9. The kit of claim 8 wherein the method comprises the steps of:

(2) Wash the plate with Tween phosphate buffer, and then block it overnight with Tween phosphate buffer containing bovine serum albumin, dry and dry;

(3) Collecting ascites from patients with liver cancer, filtering and sterilizing, and dispensing, that is, obtaining a positive control. Normal human serum is collected, filtered and sterilized, and a negative control is obtained;

(4) obtaining an enzyme-labeled anti-alphafetoprotein monoclonal antibody;

(5) pre-packed spin column, enzyme-labeled plate containing alpha-fetoprotein monoclonal antibody, positive control, negative control, enzyme-labeled anti-fetal protein monoclonal antibody, substrate solution, color developing solution, The AFP-L3 washing buffer, AFP-L3 eluent, concentrated washing solution, reaction stop solution, and AFP standard are packaged together to obtain a kit.

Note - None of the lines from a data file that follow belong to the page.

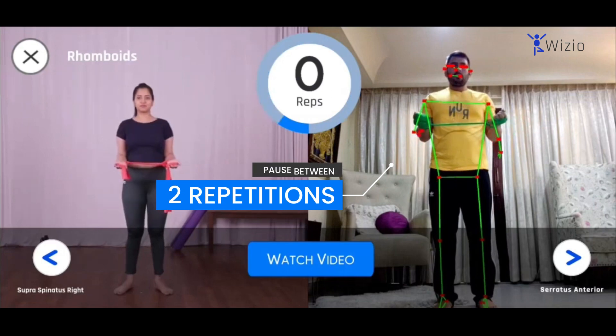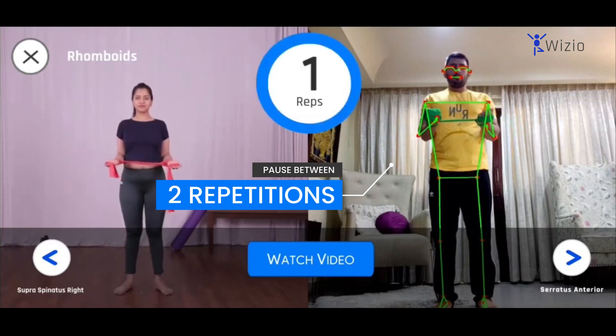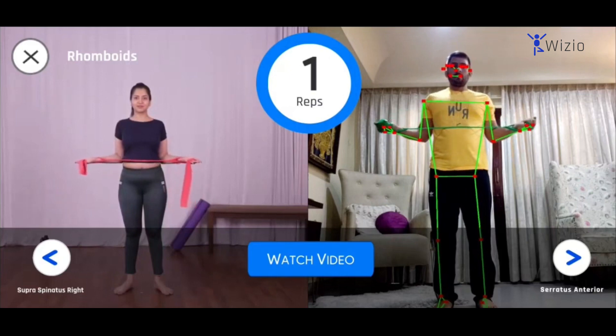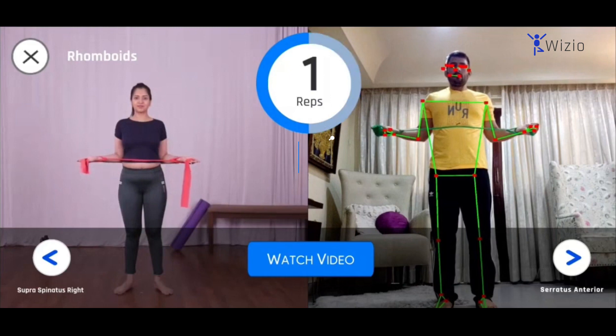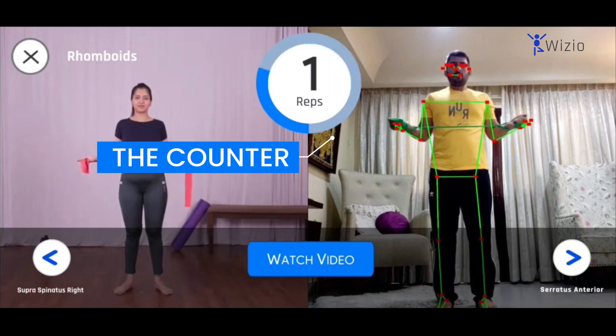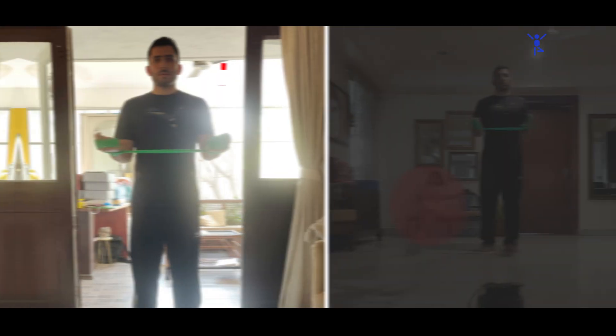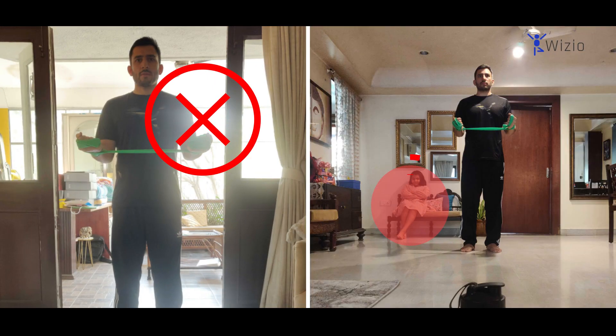Please pause for a second before starting the next repetition. If we detect an error in your exercise, you will hear an audio message highlighting the error. The counter shows the number of reps you have completed. Make sure there is sufficient light in the room and avoid any activity in the background.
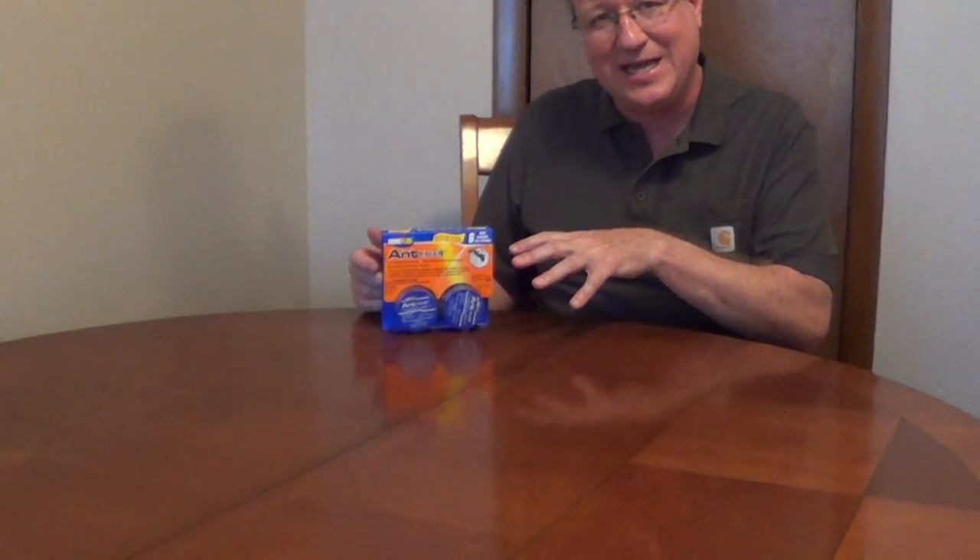If you're looking for a product to kill ants before they get into your house, or once they're in your house to kill them, bring this food back to the colony, and kill the whole colony, I really like this Home Plus Ant Killer.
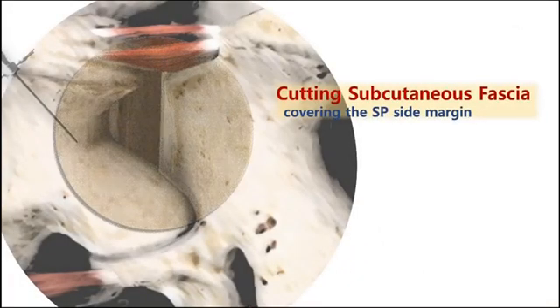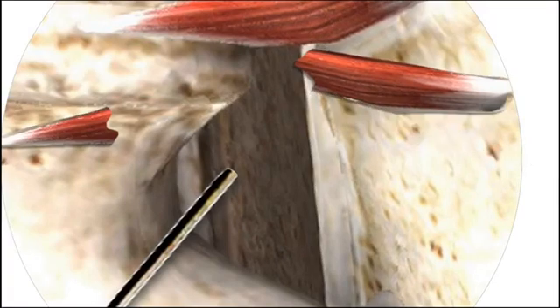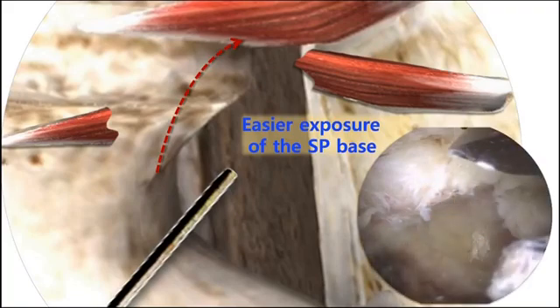Now I summarize the step once again. Cut the fascia medially and touch the SP base bony margin forcefully. Cut the fascia definitely and check the feeling of fascia release. It shows the SP base well in a wider view and you can move to the next step to resect the SP base. This first step is the very important one deciding whether your procedure is easier or tough and harder.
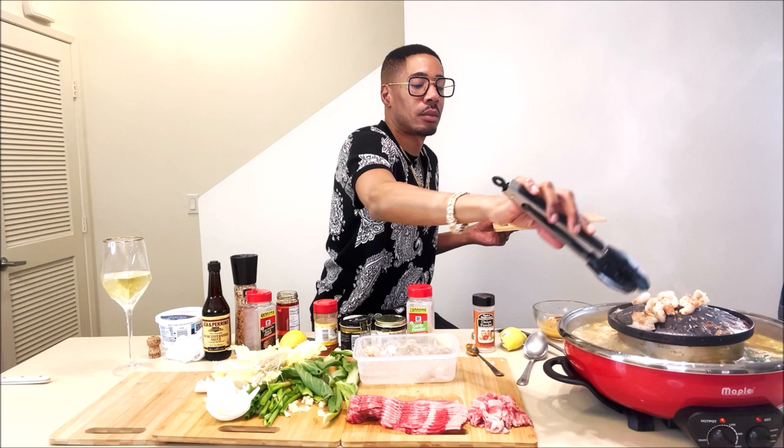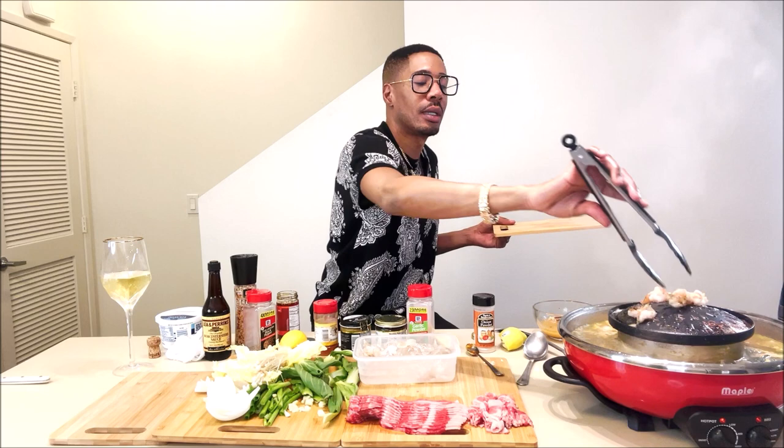These shrimp are probably done. I like everything cooked — I ain't trying to get sick. I like to have them little grill marks on them too. I think they done enough.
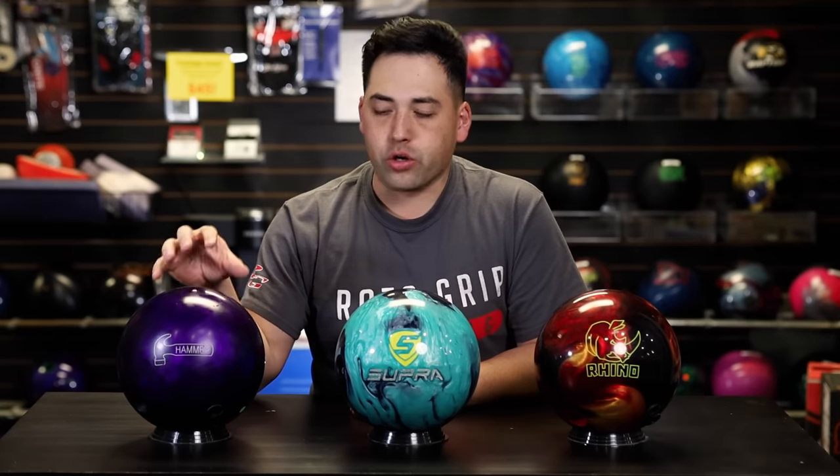Last and definitely not least, we have the Purple Hammer from Hammer. It has got to be one of the most asked-about balls here in the shop. Everyone asks about it because they see it on TV all the time and almost every league bowler in our center has one or a Pitch Black, which is a very similar ball from Storm. We put it on this table because lots of new bowlers are coming in wanting this ball for their very first ball. But a urethane ball like the Purple Hammer is probably not ideal for your very first ball, because it's pretty specific in what it's meant for.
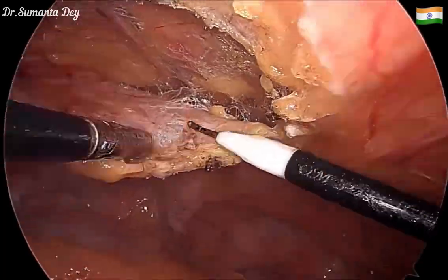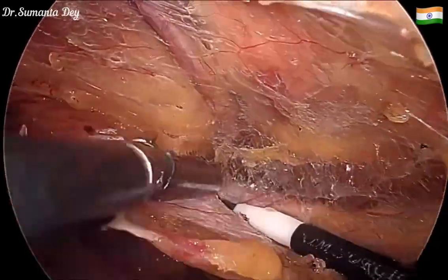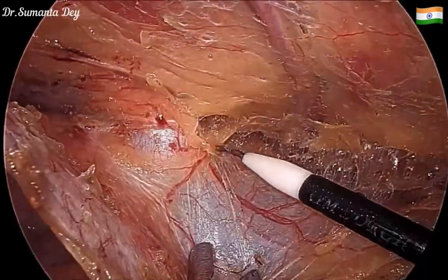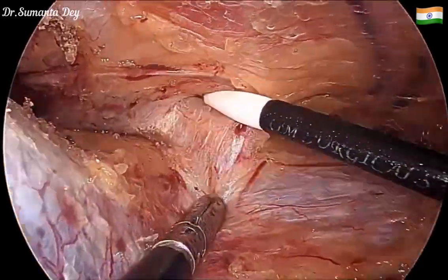Towards the lower part near the pelvis, I'm raising the peritoneal flap. You can now clearly see the inferior epigastric vessels, and I'm gradually creating further plane along them.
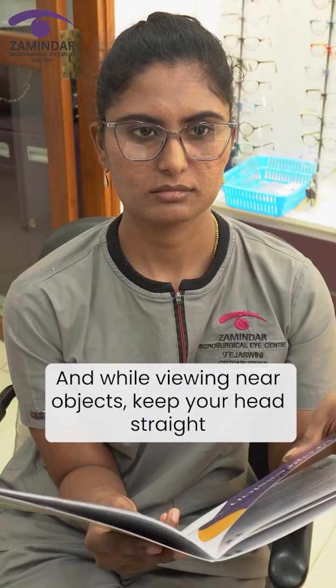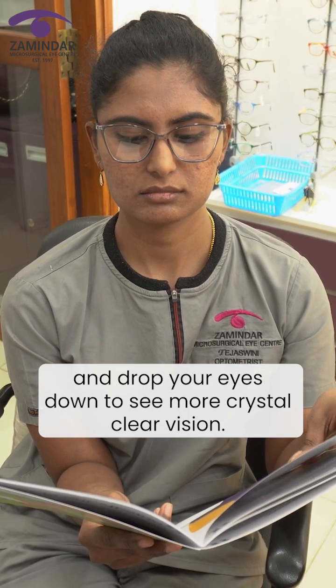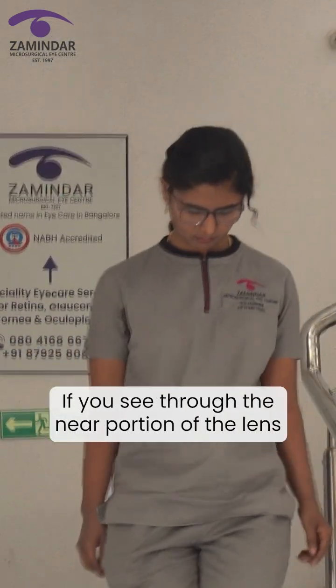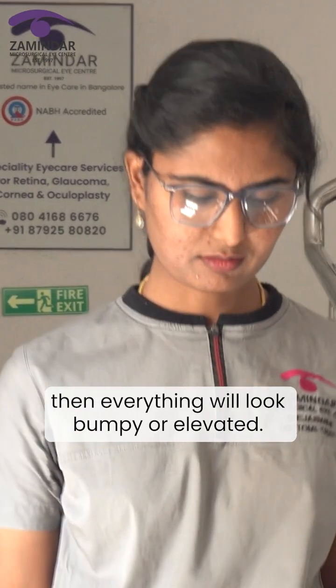While viewing near objects, keep your head straight and drop your eyes down to see more crystal clear vision. While ascending and descending from the staircase, the trick is to bend your head and see through the distance portion of the lens — if you see through the near portion, everything will look bumpy or elevated.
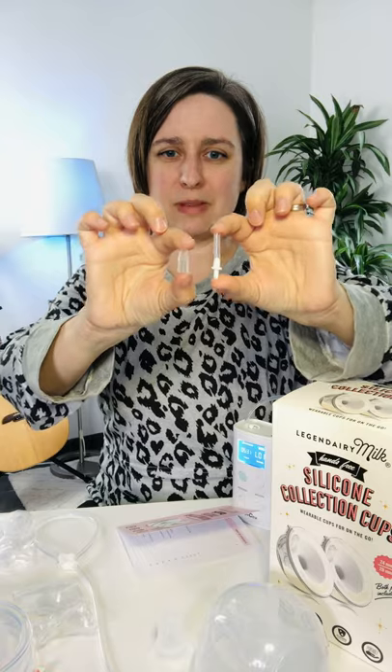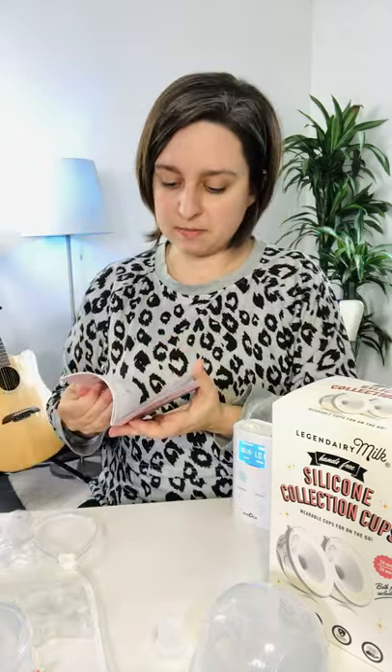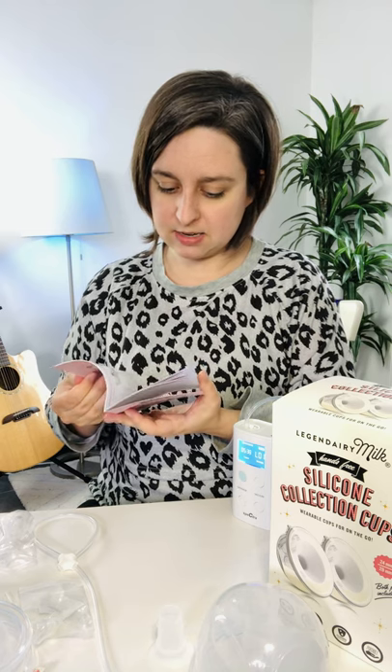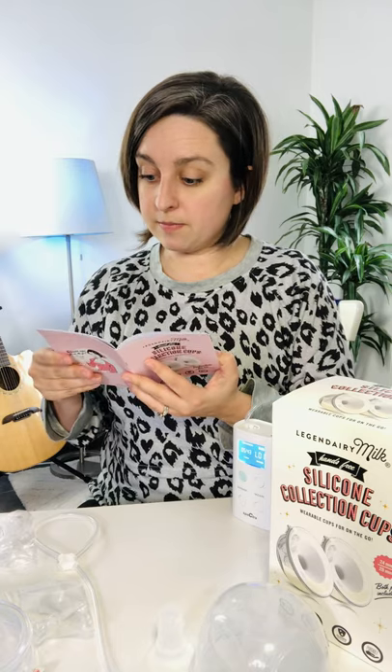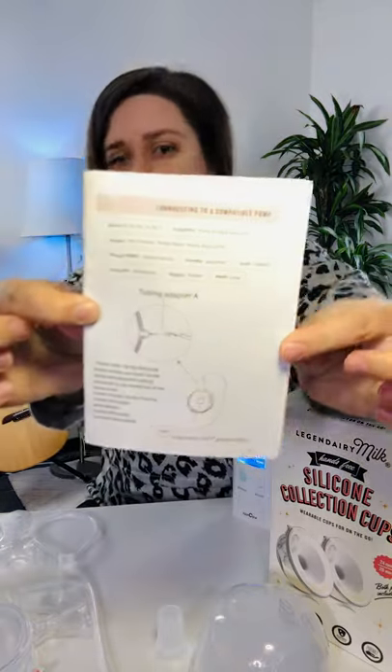Legendary Milk does sell those smaller valves on their website, which is awesome. I've seen some for Freemie as well on Amazon, and in my next video I'll check if they fit all the pumps. It also came with some adapter pieces so you can use them with different pumps, and there's a list in the manual about compatible pumps and adapters.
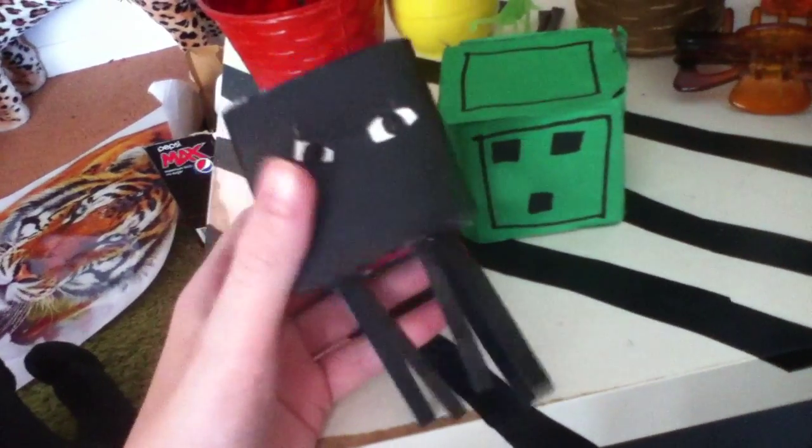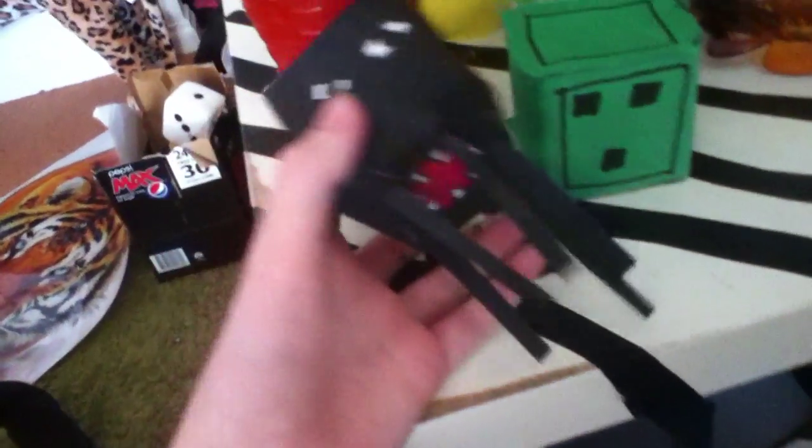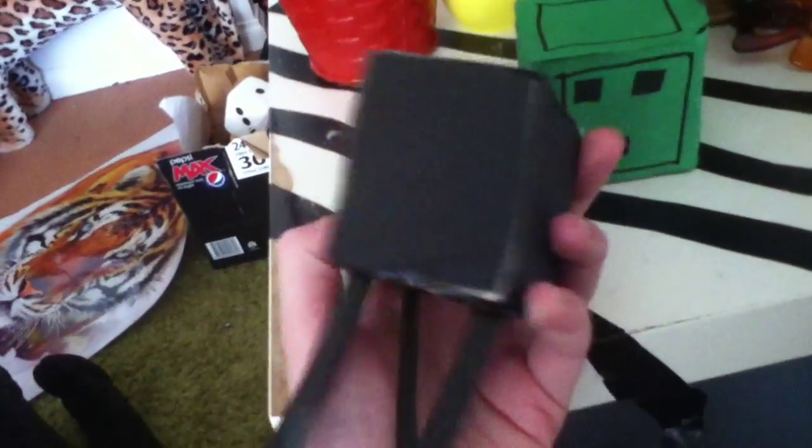Anyway, so these are cardboard things I just made as well, I wanted to show you. They're quite messy, but, you know, I made them myself.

The kit according to claim 8 or 9, wherein the substrate solution is 3 ° / in a phosphate-citrate buffer (pH 5.0). Hydrogen peroxide solution; the color developing solution is tetradecylbenzidine

(TMB) methanol solution, the concentration is 0. lmg / ml; AFP-L3 washing buffer is 20 sec ol / L Tris-HcL, PH7.4; AFP-L3 eluent is 20mmol / L Tris-HcL, PH7. 4, 150 sec ol / L NaCl and 500 匪ol / L α-mercapto-D-mannosidase; reaction stop solution is 2mol / L sulfuric acid; concentrated washing solution (20 times concentrated solution, 20x) is PBS (pH 7.4) Prepared 0.05% Tween 20 solution.